Joseph (b.1873) my own great grandfather was only 13 when William snr died. By 1871 he was a Grocer's apprentice aged 17 and his brother, another William (b. 1872) who was 15 when his father died worked his way up on the railways from messenger to fireman. The girls also worked, Annie (b. 1863) as a dressmaker and Jane (b.1868 and owner of the photo album) as a school teacher.
We always knew that William snr had been a sailor because my grandmother had a framed copy of his Master Mariner's certificate on the wall of her spare bedroom. My uncle has this now, but copies were recently released on Ancestry in the Masters and Mates Certificates, 1850-1927 collection.
|William S Hutton's Master Mariner's certificate (from Ancestry)|
|Reverse of William S Hutton's Master Mariner's certificate (from Ancestry)|
These enabled me to look his records in the Guildhall in London in August 1997 (such a long time ago!) quite easily. They used to keep the Lloyd's Captains Registers there, but I believe they have been moved to the London Metropolitan Archives. There is a partial index to the records online now but the letter H is not included. You would still need to go to London to consult the actual registers.
The records listed each ship he sailed on, the official number of the ship, when he served on it (details vary, sometimes just the year, sometimes full dates of engagement and discharge) and an abbreviation for the proposed destination of the ship. For example, FPS for France, Portugal, Spain and the Azores or B for Baltic, Norway, White Sea, and Gulf of Finland.
Here's an example of an entry for William:
1870 Leader 53122 M Jan 3 (in red ink) Feb 5 (in black ink) WI June 21 (red ink)
The ship's name "Leader" underlined means he was the Mate, and on 3rd Jan 1870 he returned from the Mediterranean, red ink indicates a discharge. On 5th Feb 1870 he was re-engaged for a voyage to the West Indies, from which he returned on 21st June.

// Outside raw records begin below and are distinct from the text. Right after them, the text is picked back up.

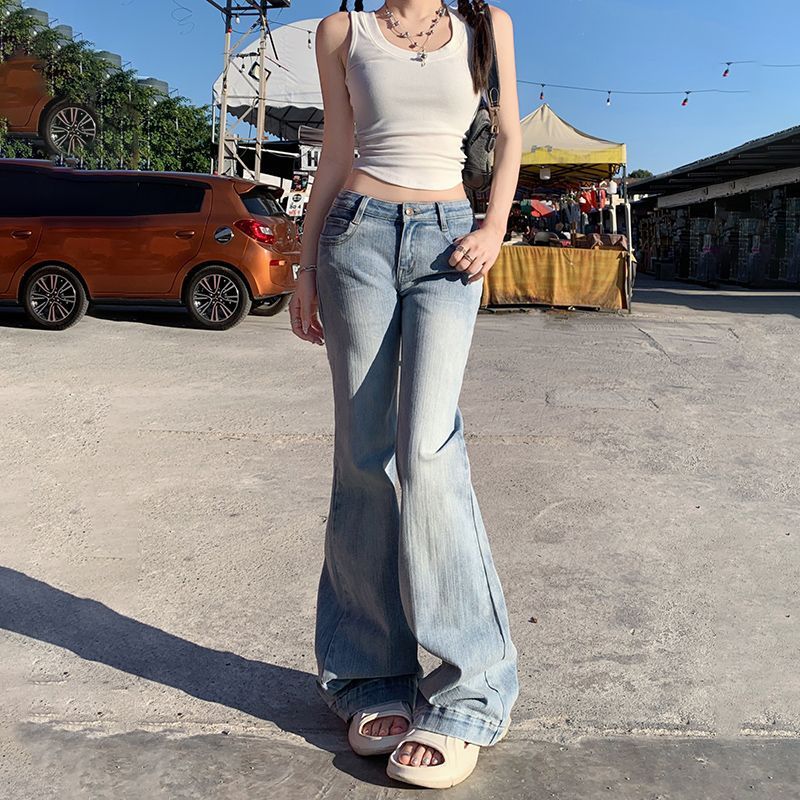 American Retro Low Waist Bell Bottom Jeans – Slim Fit Stretch Denim Pants for Women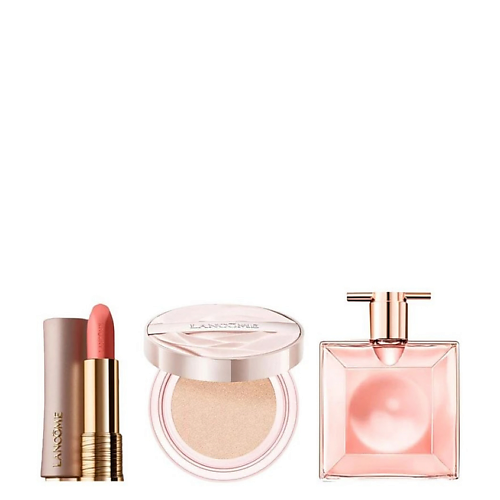 Набор парфюмерии LANCOME Набор: Помада L'Absolu Rouge Intimatte + Кушон Skin Idole 3 Serum + Парфюмерная вода Idole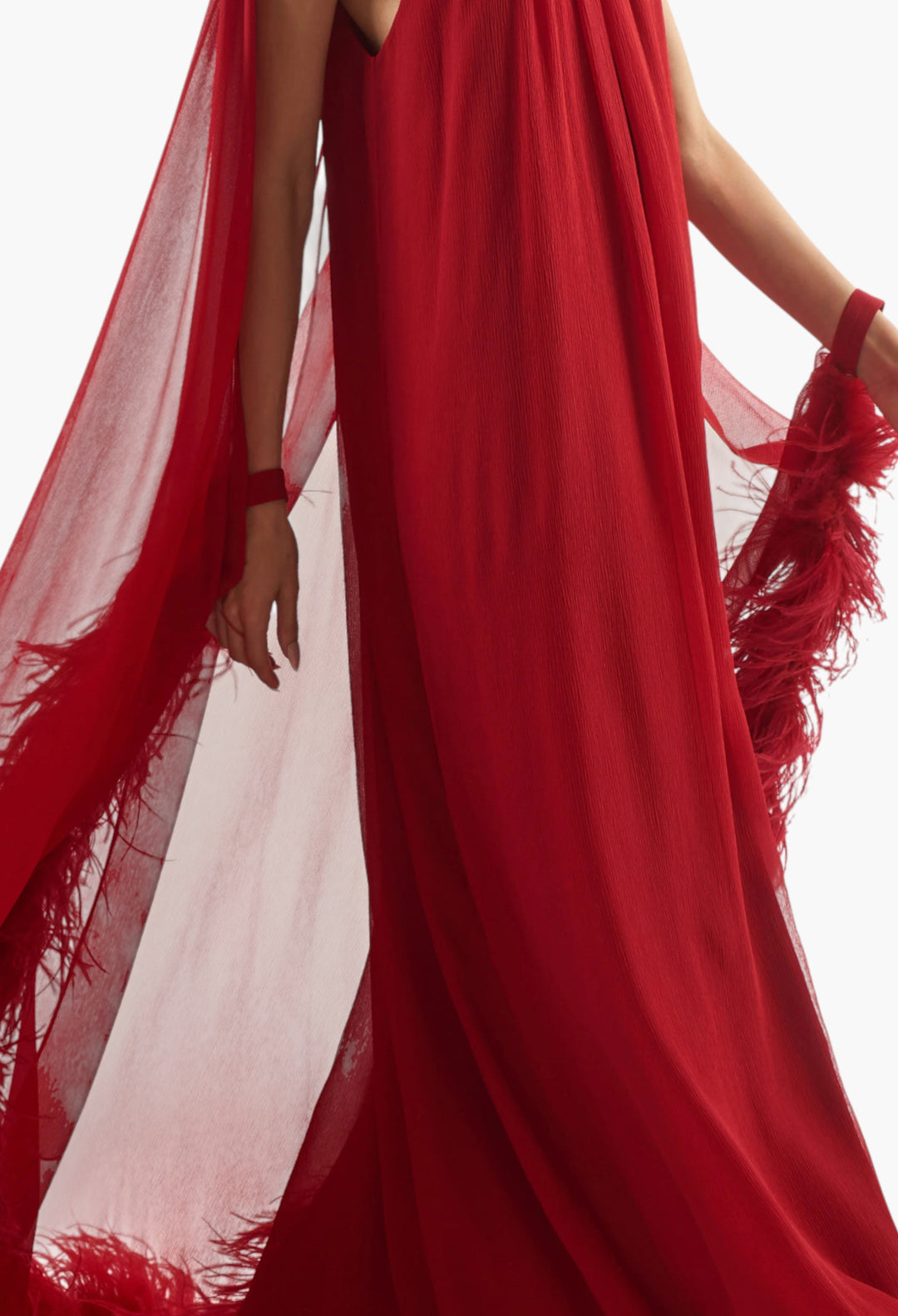 Feathered Eterea Gown In Ruby - GLAM MODA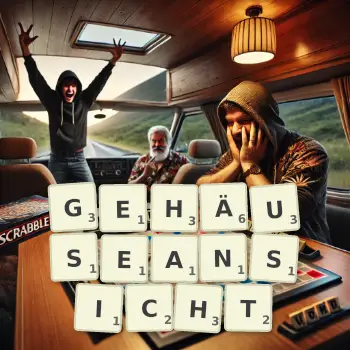 Kreative Illustration für ein Scrabble-Spiel, bei dem das Wort GEHÄUSEANSICHT mit Steinen auf dem Brett gelegt wurde.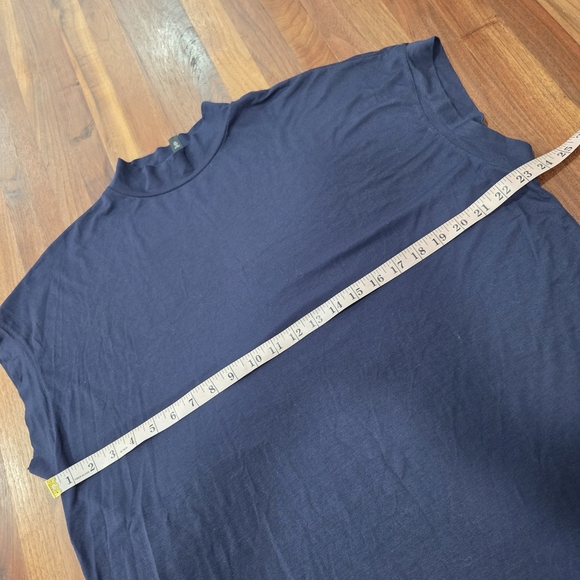 Eileen Fisher Mock Neck Cap Sleeve Navy Blue Women's Top Longer Length Size Med. - Picture 5 of 8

Yesterday I was trying to fit all his periods of service into the family tree in order - I was curious as to how much time William snr was able to spend at home with his family and whether I could find out if he was at home when his children were born.
I recently purchased some timeline software that works with family tree Gedcom files - Genelines and I hoped that by entering all the data into my tree the timeline would show how events fitted together.
|William S Hutton's Timeline (created with Genelines) Click to enlarge|
William appears to be at sea during the time of his eldest child, Annie's birth. The large block from 1862 to 1865 represents his service on the Lebanon, a snow (a two masted square rigged type of ship) in the Mediterranean trade. I think I've picked out a couple of mentions of the correct ship from the Shipping & Maritime Intelligence pages of the 19th Century Newspapers online (free online from Newcastle Library and others), Alexandria is mentioned and Constantinople. He was probably backwards and forwards on a regular basis.
|From the Glasgow Herald, 26 Jun 1863. |
The Lebanon, master Hutchinon, set sail from Troon to Constantinople on 22nd.
(from 19th Century British Library Newspapers)
This topic could grow and grow so I'll end it here for now and sort out some more information for another day.